Friday, September 13, 2013

When heavier atoms move faster: bizarre behavior in ozone formation

(This is the topic of my dissertation, and I have also published a few articles related to it. I thought I'd try to explain it without using too much jargon for friends and family who may wonder what I've been doing with my life. :) Feedback is always appreciated!)

Stable isotopes of different elements have many interesting applications in areas such as geophysics and archaeology. While the identity of a given element is determined by the number of protons in the nucleus, the nucleus also contains a certain number of neutrons that help keep the nucleus stable. (When a nucleus has too many or too few neutrons, it will become radioactive.) These neutrons usually do not affect most of the chemistry of an element with notable exceptions. Variations in the number of neutrons do lead to different isotopes of each element with different masses, such as carbon-12 (12C), carbon-13 (13C), and carbon-14 (14C). The number next to the element is the total number of protons and neutrons, which is the atomic mass of that atom. The amount of each stable isotope on Earth stays relatively constant. For example, 13C makes up about 1.1% of all carbon on Earth. However, the differences in masses can cause small changes in the amount of each isotope in a chemical through different reactions or physical processes such as evaporation. Usually the differences between isotopes are related to their mass differences through atomic or molecular speeds in a gas or the spring-like vibrations of chemical bonds. These small changes in the amount of an isotope allow researchers to learn new information about the physical, chemical, or biological processes that affected an object.

While in almost all cases stable isotopes move and react in ways that depend on their mass, the three stable isotopes of oxygen (16O, 17O, 18O) in ozone formed in the laboratory or the atmosphere like to break the rules. Scientists expected that 16O would form ozone the fastest, 18O would form ozone the slowest, and 17O would form ozone at a speed about halfway in between. Instead, not only does 16O form ozone the slowest, but 17O and 18O form ozone at the same faster speed! To understand just how strange this is, imagine that you have three blocks of the same material and shape, one light, one heavy, and one in between. If you tried lifting each of them, the heaviest block would be the hardest to lift, the lightest block would be easiest, with the ball in between of moderate difficulty, right? What if the lightest block was hardest to lift, and then the two heavier blocks were equally easy to lift? That's a lot like what happens in ozone formation.

Scientists call this phenomenon "mass-independent", but it probably should be called "mass-bizarre". It's not necessarily unique to ozone, either. Scientists have discovered this strange isotope behavior in oxygen isotopes in some meteorites and in sulfur and mercury isotopes as well. More than a mere curiosity, the signal in the isotopes from these processes is unique and so could potentially be useful as a tool for understanding many different geophysical processes. This "mass-independent" signal finds its way into all sorts of other chemicals in the atmosphere, such as CO2. Despite its potential use as a tool to trace different processes in the atmosphere, the chemistry and physics of this weird effect remains poorly understood. Improving our understanding of what leads to these strange effects is key to using them to understand more about the Earth's atmosphere.

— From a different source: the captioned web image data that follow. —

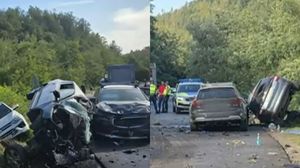 Accident Bulgaria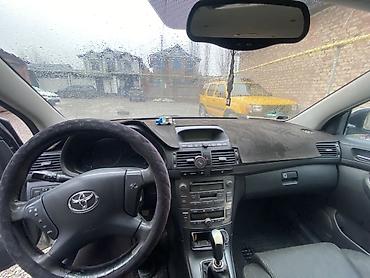 Toyota: Toyota Avensis: 2003 г., 2 л, Механика, Дизель, Универсал — 5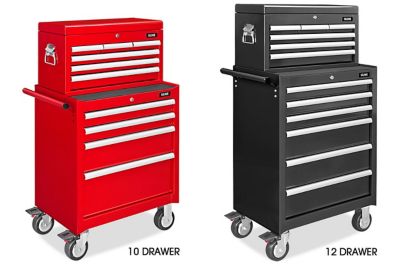 Uline Tool Cabinet Combo Units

  1. Um. This is a nice introduction to stable isotopes and weird behavior by oxygen, but did you really just write that three balls of different weights would fall at different rates? I recognize it's a simple metaphor, but finding one that isn't disproven by a classic physics experiment might be a good idea.

  2. The acceleration from gravity isn't different, but the acceleration from air resistance is.

  3. But I suppose you're right that a better metaphor is needed.